How to complete this task
In the data below, retype exactly the line that contains "Drop-resistant Shoulder Strap" and every line after it, through the last.

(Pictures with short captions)
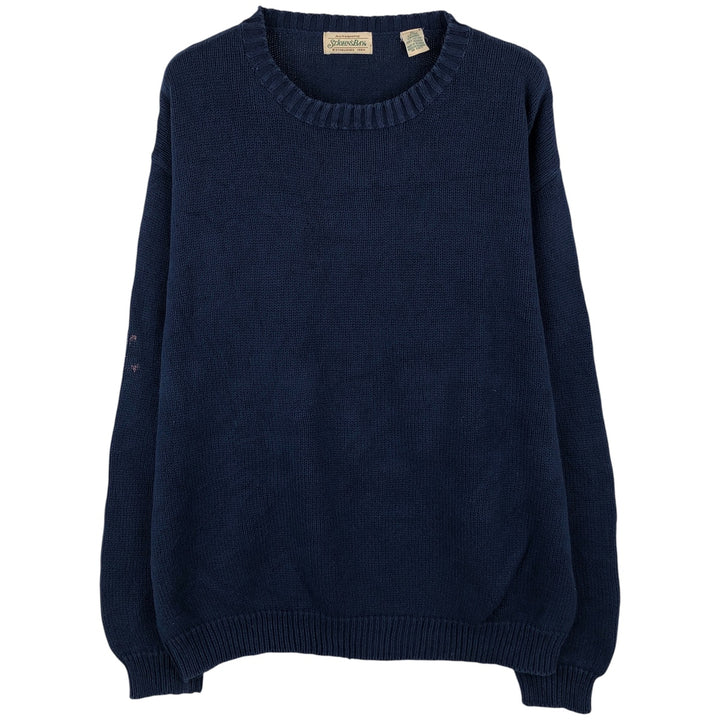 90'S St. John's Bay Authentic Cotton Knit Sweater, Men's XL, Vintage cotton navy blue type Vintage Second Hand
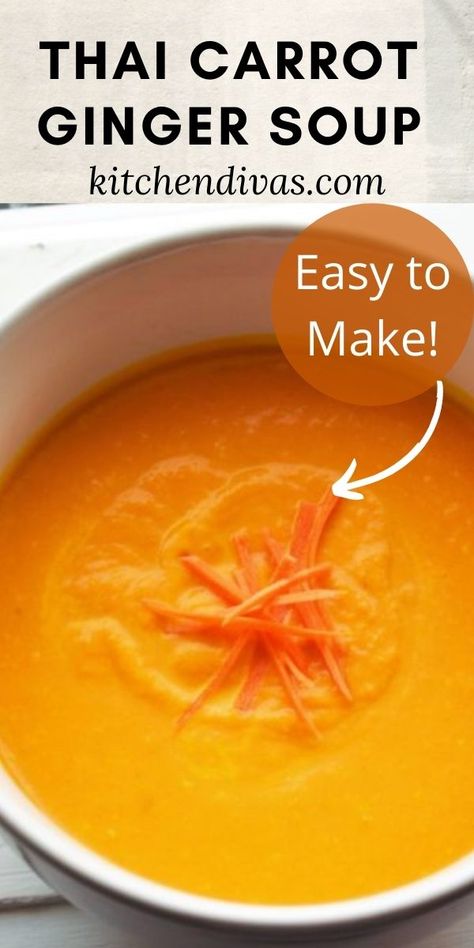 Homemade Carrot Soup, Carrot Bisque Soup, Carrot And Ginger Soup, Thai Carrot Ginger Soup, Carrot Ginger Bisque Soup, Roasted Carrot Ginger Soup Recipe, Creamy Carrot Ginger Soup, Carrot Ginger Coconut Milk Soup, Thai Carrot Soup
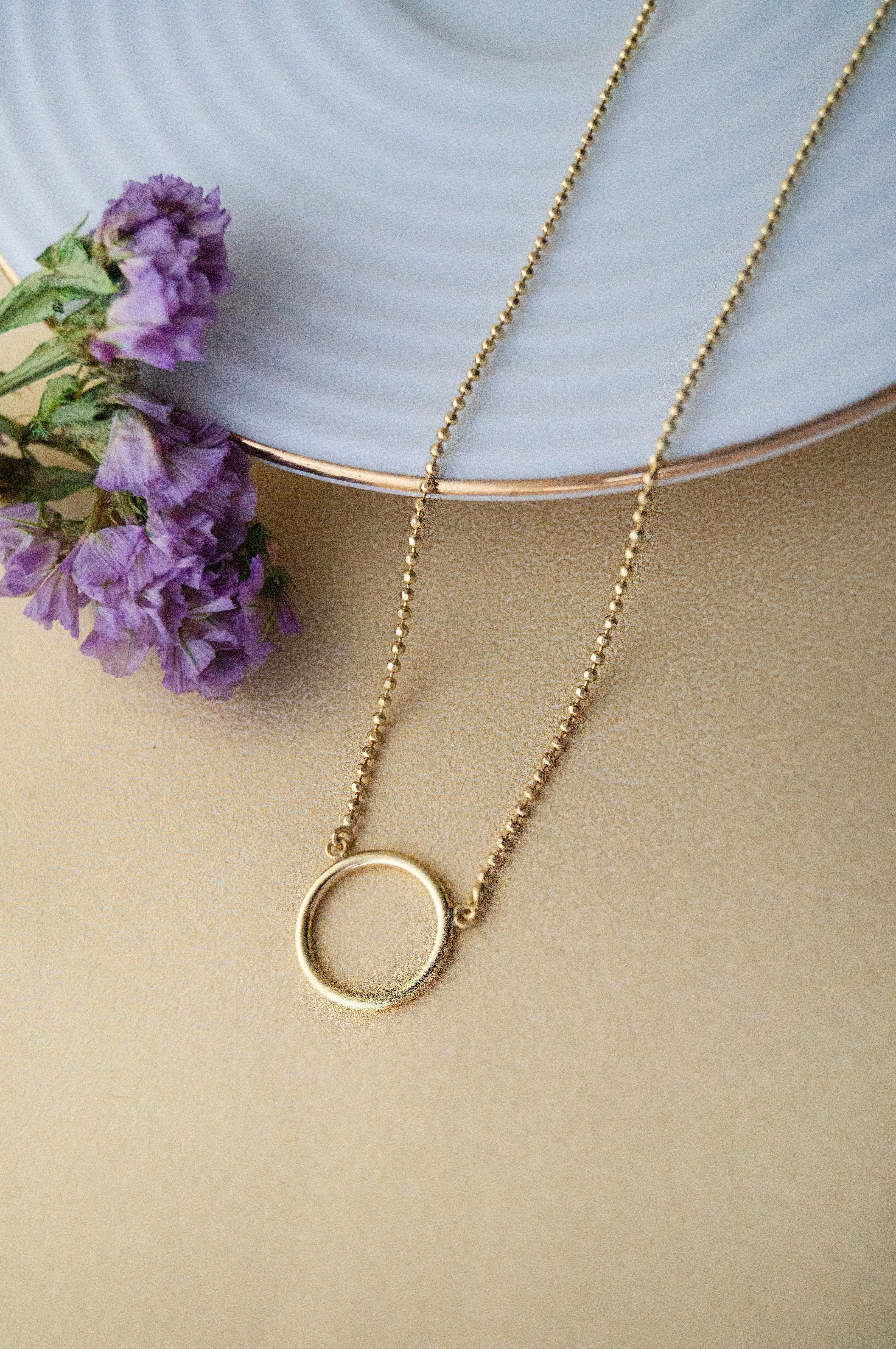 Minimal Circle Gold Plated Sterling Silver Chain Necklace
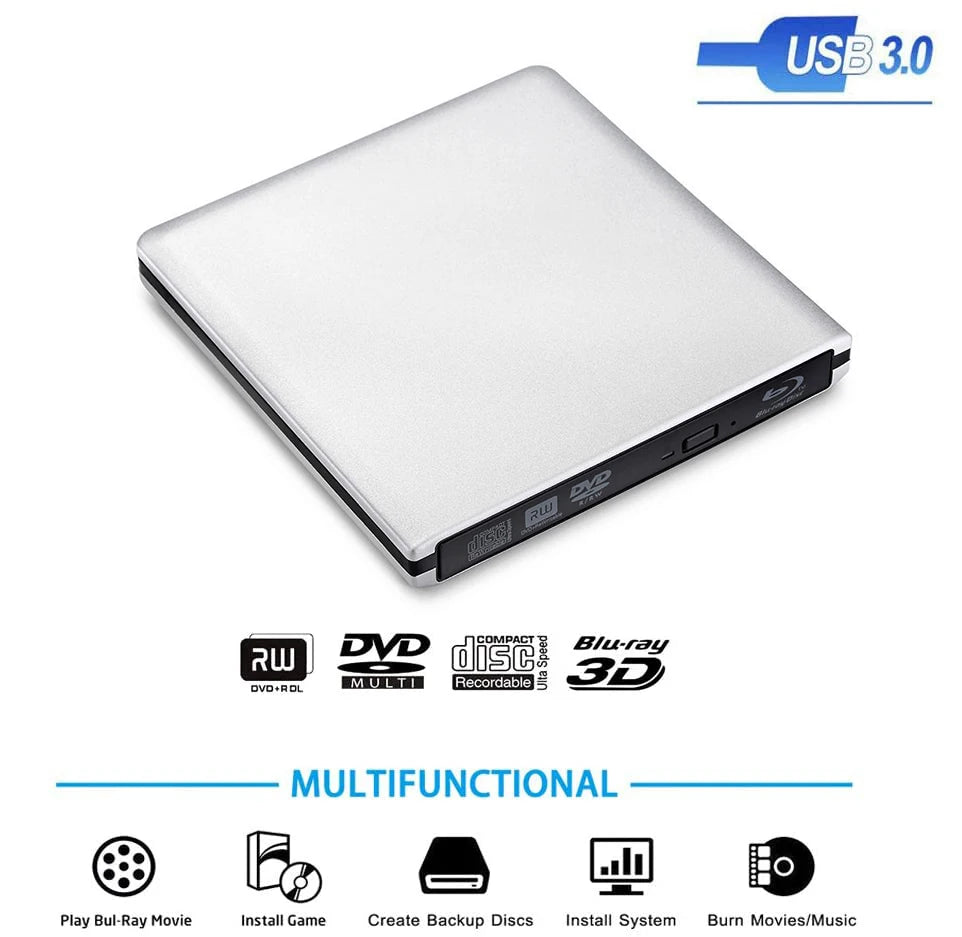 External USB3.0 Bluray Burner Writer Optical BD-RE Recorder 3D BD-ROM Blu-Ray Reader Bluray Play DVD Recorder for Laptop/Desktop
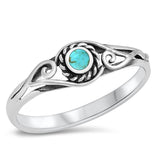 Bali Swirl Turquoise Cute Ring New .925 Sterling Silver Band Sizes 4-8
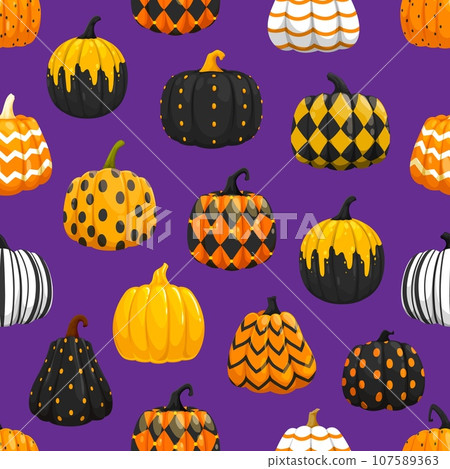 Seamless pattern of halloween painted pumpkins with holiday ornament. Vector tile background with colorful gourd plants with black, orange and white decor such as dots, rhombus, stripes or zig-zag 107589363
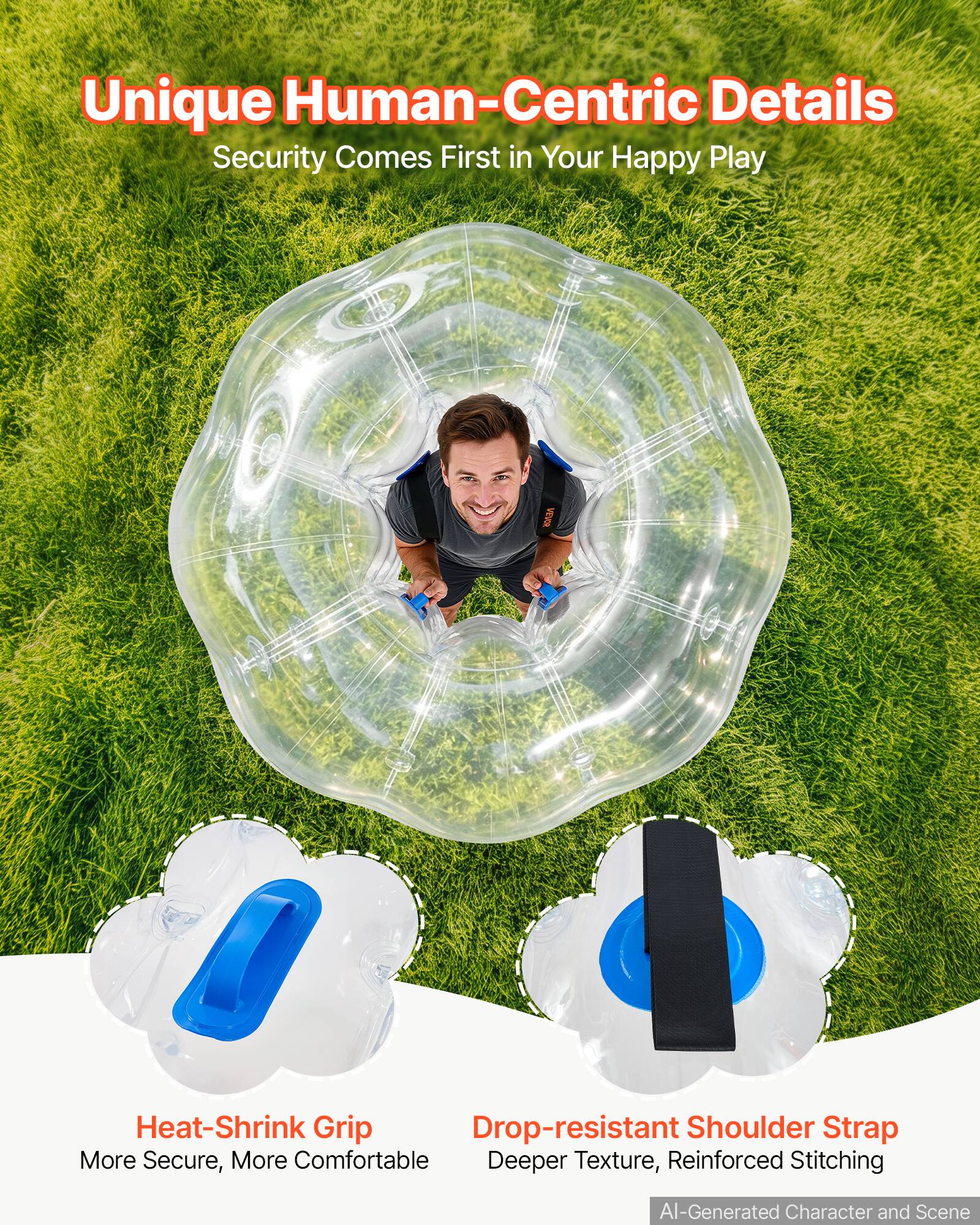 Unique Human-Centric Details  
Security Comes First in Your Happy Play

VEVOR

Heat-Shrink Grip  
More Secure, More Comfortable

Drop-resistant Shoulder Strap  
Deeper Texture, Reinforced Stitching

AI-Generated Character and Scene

Answer to this problem
Drop-resistant Shoulder Strap  
Deeper Texture, Reinforced Stitching

AI-Generated Character and Scene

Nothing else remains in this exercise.